For every record that follows, write out the text exactly and omit the picture, if one is present.

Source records
+ + +
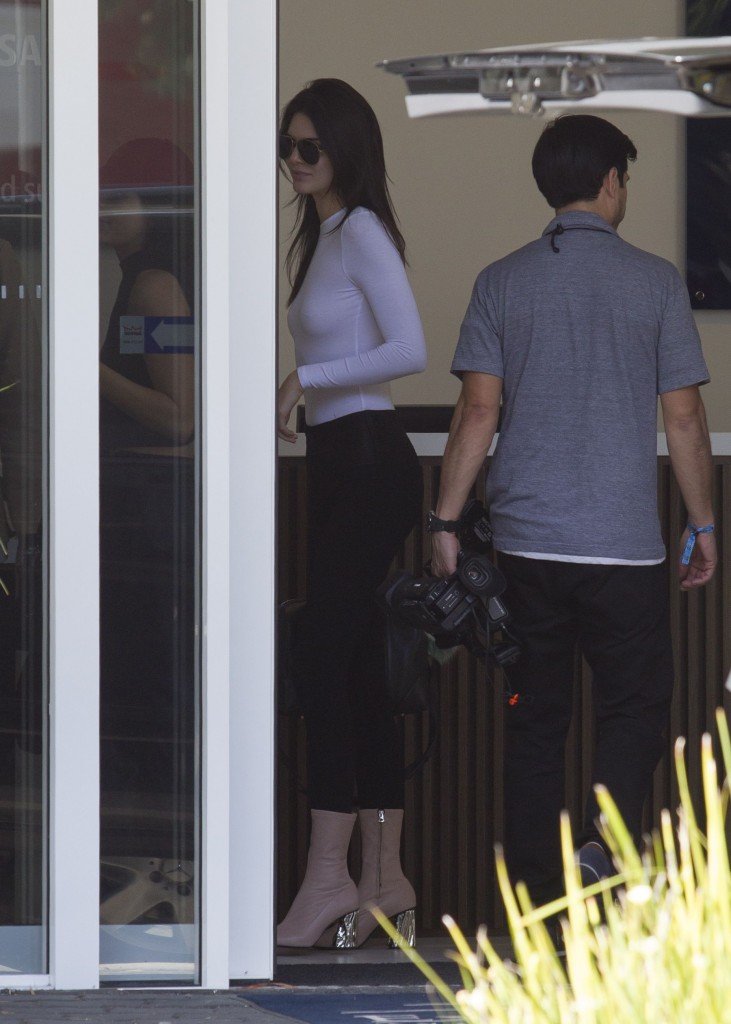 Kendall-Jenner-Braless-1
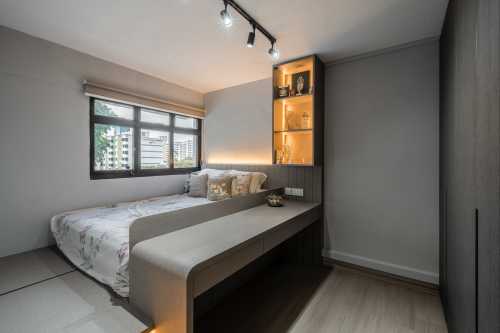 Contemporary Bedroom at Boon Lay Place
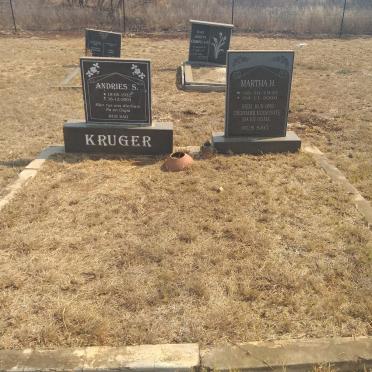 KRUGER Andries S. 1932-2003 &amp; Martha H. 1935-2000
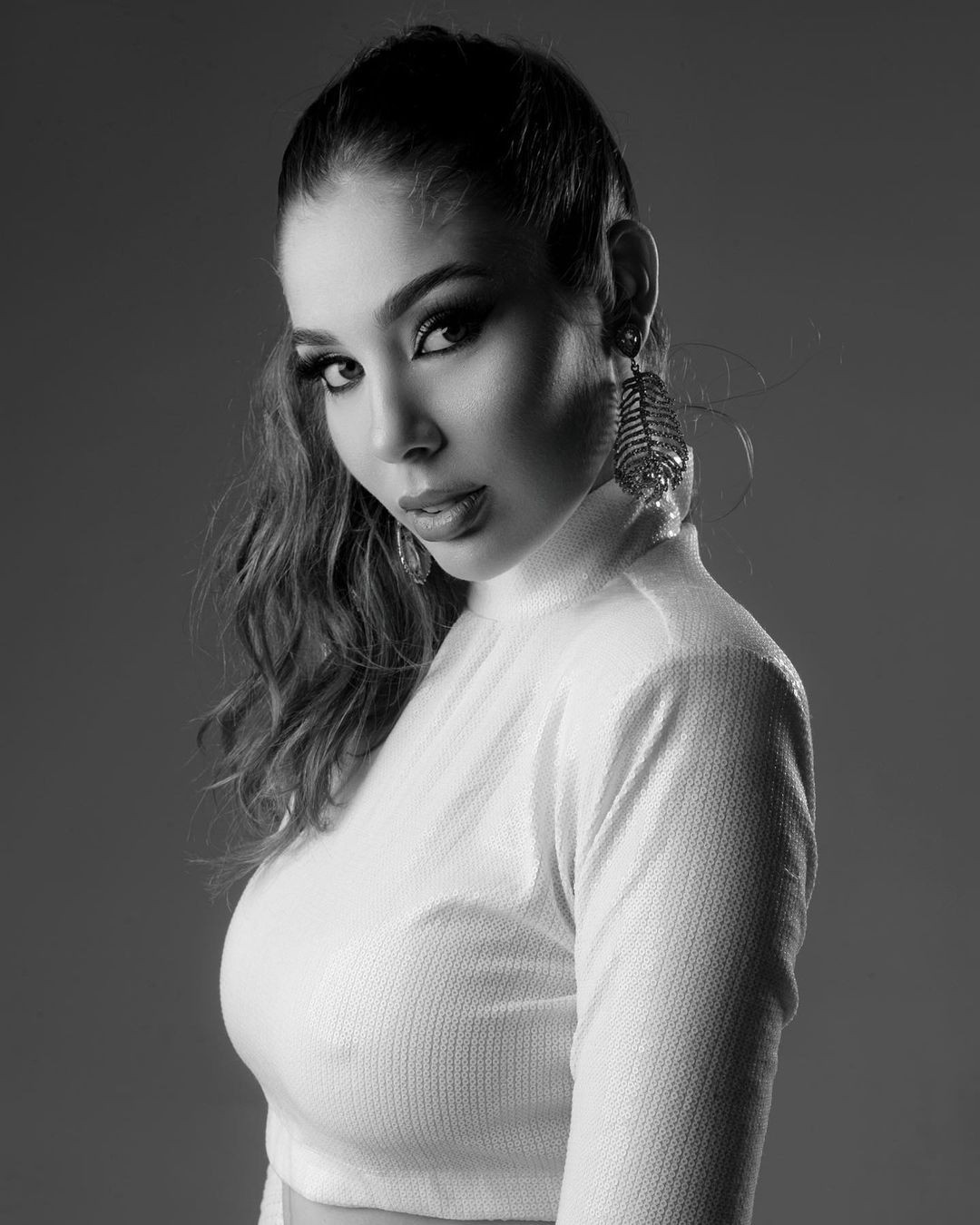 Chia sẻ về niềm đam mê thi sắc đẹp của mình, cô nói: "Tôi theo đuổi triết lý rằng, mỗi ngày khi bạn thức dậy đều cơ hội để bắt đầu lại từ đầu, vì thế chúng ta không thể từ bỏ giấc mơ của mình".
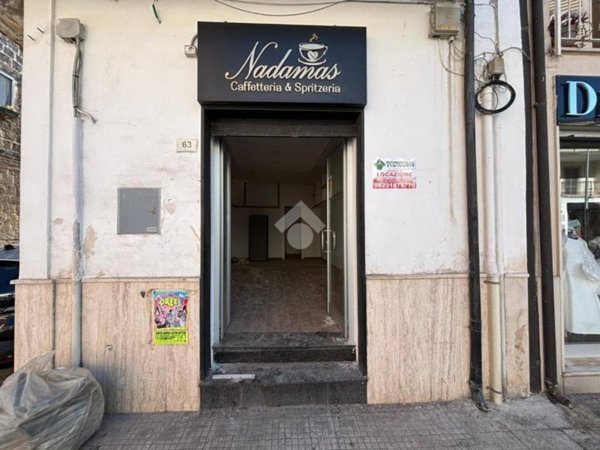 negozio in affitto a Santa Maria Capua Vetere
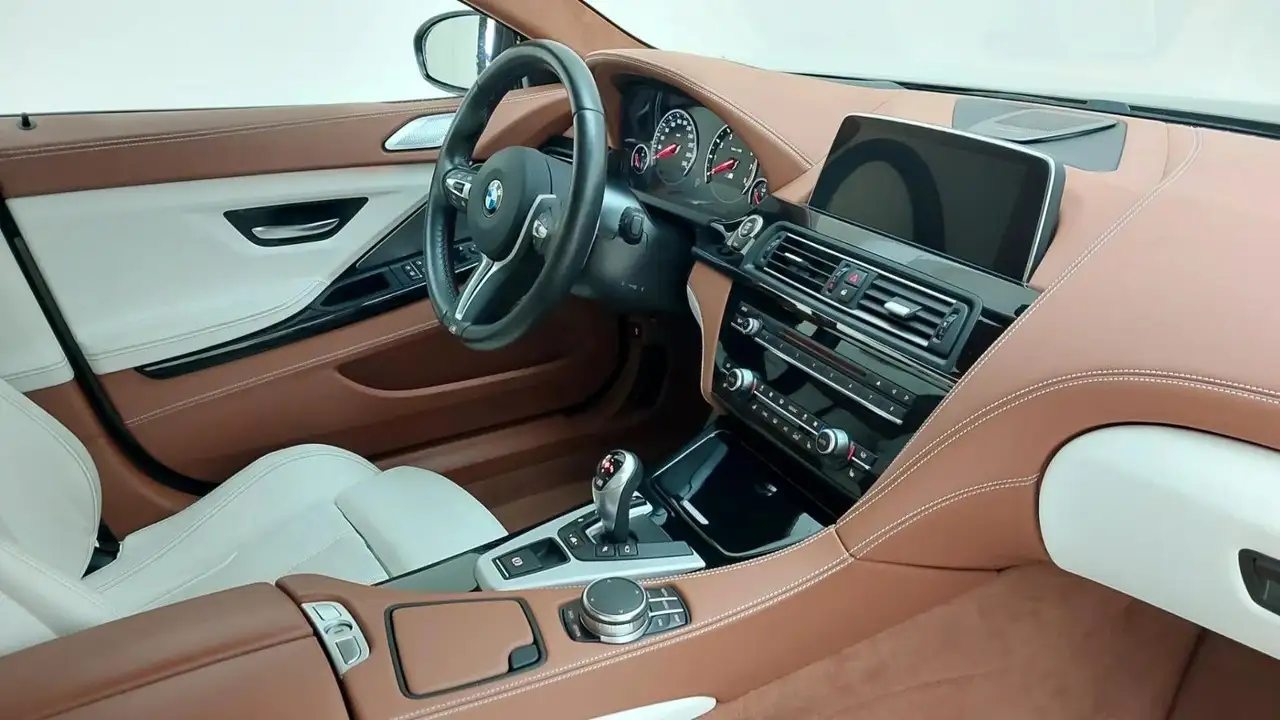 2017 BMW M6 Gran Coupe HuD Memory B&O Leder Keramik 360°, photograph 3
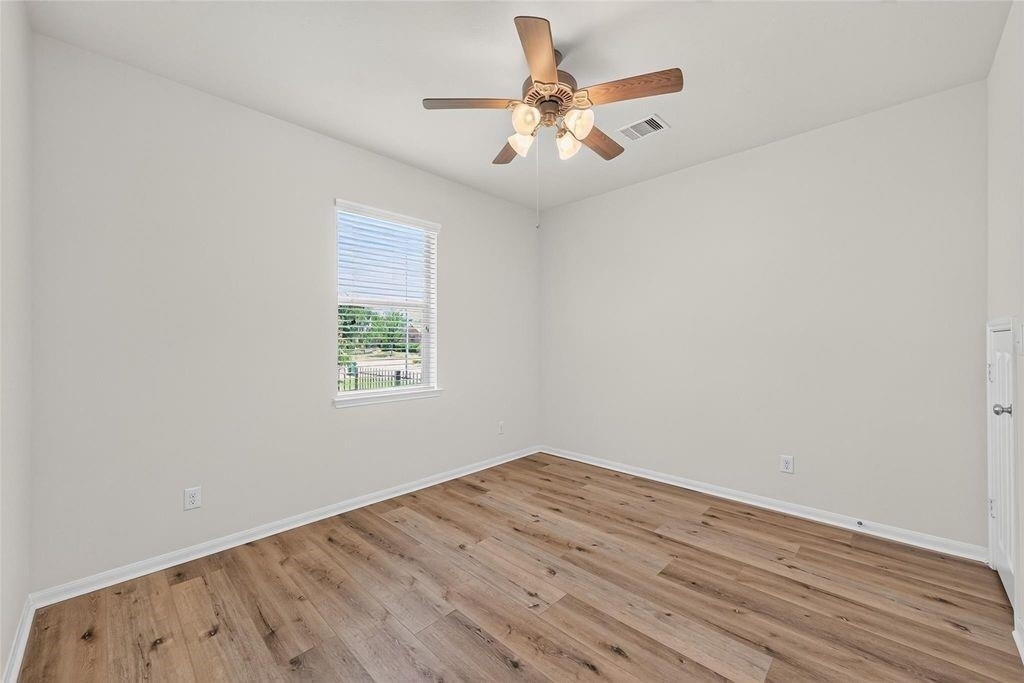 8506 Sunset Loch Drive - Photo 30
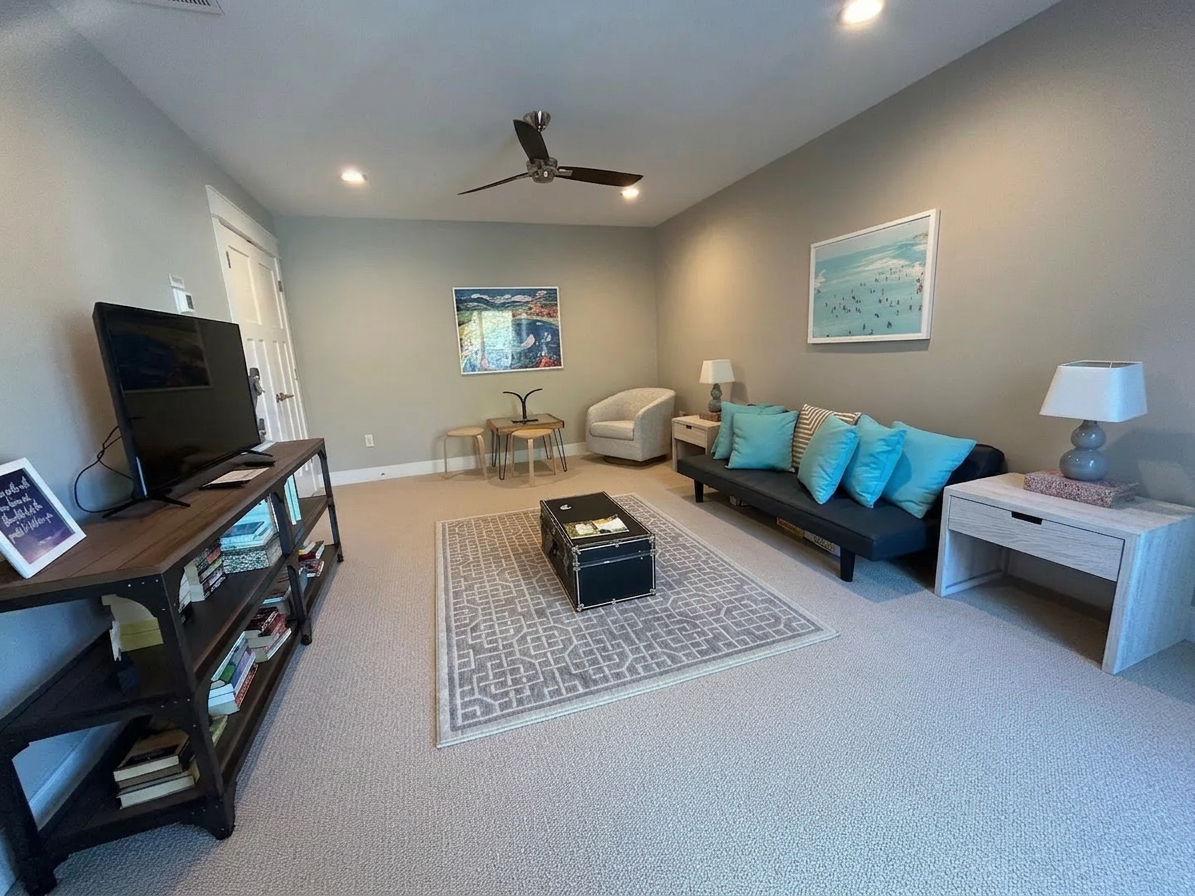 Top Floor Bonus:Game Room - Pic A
+ + +
**ANSWER AREA:**
 Kendall-Jenner-Braless-1
 Contemporary Bedroom at Boon Lay Place
 KRUGER Andries S. 1932-2003 &amp; Martha H. 1935-2000
 Chia sẻ về niềm đam mê thi sắc đẹp của mình, cô nói: "Tôi theo đuổi triết lý rằng, mỗi ngày khi bạn thức dậy đều cơ hội để bắt đầu lại từ đầu, vì thế chúng ta không thể từ bỏ giấc mơ của mình".
 negozio in affitto a Santa Maria Capua Vetere
 2017 BMW M6 Gran Coupe HuD Memory B&O Leder Keramik 360°, photograph 3
 8506 Sunset Loch Drive - Photo 30
 Top Floor Bonus:Game Room - Pic A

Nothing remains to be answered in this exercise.